SUPPLIED DATA: Begin

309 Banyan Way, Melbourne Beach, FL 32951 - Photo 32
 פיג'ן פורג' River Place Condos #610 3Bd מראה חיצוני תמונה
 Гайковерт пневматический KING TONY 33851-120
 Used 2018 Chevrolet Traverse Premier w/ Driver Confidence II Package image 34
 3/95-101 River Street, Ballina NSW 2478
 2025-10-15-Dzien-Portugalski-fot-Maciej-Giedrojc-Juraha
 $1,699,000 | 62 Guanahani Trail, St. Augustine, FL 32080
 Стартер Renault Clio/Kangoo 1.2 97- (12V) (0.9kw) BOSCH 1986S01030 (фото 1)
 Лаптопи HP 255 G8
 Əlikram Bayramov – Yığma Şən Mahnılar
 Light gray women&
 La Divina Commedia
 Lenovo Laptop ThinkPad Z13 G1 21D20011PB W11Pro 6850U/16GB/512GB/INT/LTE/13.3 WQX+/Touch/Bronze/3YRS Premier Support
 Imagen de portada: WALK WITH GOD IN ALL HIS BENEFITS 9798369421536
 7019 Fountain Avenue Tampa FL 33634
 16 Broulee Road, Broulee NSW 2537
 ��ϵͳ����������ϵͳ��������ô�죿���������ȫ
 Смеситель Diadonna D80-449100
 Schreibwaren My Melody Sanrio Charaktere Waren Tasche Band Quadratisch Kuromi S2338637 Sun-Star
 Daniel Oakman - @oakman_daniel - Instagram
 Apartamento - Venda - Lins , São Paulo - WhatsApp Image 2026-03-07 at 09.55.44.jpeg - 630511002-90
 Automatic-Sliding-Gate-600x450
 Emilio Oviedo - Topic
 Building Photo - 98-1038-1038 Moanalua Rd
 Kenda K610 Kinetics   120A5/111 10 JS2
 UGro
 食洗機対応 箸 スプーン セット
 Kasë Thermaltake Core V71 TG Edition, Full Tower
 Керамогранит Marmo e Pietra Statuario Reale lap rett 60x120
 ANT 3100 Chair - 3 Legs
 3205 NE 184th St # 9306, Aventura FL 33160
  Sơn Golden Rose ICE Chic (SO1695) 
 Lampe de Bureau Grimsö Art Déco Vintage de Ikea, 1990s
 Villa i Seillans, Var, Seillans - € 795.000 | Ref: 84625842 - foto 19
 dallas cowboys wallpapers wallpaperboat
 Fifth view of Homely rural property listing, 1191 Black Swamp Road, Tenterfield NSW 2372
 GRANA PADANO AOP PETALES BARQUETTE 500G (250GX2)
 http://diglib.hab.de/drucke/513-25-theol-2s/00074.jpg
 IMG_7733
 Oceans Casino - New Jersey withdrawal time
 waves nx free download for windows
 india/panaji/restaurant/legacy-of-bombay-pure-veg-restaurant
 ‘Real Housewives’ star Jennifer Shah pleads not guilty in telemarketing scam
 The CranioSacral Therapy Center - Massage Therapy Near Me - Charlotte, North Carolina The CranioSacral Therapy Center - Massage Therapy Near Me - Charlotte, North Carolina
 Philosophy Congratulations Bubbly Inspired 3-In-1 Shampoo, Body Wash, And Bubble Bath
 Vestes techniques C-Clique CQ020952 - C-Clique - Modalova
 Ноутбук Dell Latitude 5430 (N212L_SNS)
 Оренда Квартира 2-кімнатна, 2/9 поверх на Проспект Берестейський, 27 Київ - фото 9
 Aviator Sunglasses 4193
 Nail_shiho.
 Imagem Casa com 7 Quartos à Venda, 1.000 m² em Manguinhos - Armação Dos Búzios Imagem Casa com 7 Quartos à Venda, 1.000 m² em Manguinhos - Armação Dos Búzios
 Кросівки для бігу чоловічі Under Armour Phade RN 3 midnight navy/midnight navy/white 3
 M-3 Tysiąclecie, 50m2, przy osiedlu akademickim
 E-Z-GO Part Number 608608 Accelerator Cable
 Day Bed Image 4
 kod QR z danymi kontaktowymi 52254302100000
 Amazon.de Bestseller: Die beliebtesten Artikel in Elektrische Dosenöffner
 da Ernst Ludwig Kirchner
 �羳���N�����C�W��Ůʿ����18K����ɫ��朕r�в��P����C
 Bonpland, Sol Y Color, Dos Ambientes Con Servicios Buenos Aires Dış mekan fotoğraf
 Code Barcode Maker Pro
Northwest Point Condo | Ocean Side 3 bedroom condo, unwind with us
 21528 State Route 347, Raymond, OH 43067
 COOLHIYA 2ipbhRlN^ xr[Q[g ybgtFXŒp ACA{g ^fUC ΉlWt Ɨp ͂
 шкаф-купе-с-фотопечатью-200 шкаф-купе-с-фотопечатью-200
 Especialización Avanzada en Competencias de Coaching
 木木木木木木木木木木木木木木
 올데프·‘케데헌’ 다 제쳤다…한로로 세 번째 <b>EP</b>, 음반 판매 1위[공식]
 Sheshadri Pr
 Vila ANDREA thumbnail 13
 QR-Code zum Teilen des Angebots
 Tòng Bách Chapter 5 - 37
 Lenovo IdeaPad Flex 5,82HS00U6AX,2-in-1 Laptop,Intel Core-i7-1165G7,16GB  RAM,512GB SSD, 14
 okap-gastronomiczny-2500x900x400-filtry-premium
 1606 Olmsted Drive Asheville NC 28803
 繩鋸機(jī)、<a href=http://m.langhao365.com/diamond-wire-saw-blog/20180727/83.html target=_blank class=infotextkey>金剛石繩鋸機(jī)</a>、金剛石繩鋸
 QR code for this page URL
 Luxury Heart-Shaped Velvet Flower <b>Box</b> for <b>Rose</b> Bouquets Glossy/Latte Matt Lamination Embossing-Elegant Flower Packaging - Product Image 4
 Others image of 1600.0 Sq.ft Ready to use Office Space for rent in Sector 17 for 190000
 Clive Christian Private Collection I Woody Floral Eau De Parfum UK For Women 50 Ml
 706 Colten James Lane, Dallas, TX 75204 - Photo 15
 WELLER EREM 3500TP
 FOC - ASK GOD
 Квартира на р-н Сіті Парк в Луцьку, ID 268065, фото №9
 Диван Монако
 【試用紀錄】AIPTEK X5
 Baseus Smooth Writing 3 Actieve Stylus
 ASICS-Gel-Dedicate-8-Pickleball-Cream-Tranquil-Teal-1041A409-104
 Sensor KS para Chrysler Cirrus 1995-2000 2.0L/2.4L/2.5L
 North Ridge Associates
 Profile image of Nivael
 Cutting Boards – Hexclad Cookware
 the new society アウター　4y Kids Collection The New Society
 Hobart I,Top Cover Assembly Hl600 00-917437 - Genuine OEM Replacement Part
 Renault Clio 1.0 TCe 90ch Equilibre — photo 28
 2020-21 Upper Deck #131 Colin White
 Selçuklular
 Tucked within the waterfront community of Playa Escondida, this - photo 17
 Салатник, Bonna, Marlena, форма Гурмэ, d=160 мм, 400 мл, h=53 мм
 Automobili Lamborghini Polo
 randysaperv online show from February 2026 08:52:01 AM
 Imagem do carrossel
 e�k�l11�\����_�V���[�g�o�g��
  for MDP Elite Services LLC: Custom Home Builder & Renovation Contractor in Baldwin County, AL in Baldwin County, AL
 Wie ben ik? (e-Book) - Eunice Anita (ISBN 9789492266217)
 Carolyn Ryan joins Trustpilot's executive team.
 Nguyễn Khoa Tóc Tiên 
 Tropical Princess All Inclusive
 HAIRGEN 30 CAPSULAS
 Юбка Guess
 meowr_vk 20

SUPPLIED DATA: End

= EXERCISE PROMPT =
Copy exactly the stretch of data above from the line with "Used 2018 Chevrolet" through the line with "La Divina Commedia", and omit all other lines.

= ANSWER TO THIS TASK =
 Used 2018 Chevrolet Traverse Premier w/ Driver Confidence II Package image 34
 3/95-101 River Street, Ballina NSW 2478
 2025-10-15-Dzien-Portugalski-fot-Maciej-Giedrojc-Juraha
 $1,699,000 | 62 Guanahani Trail, St. Augustine, FL 32080
 Стартер Renault Clio/Kangoo 1.2 97- (12V) (0.9kw) BOSCH 1986S01030 (фото 1)
 Лаптопи HP 255 G8
 Əlikram Bayramov – Yığma Şən Mahnılar
 Light gray women&
 La Divina Commedia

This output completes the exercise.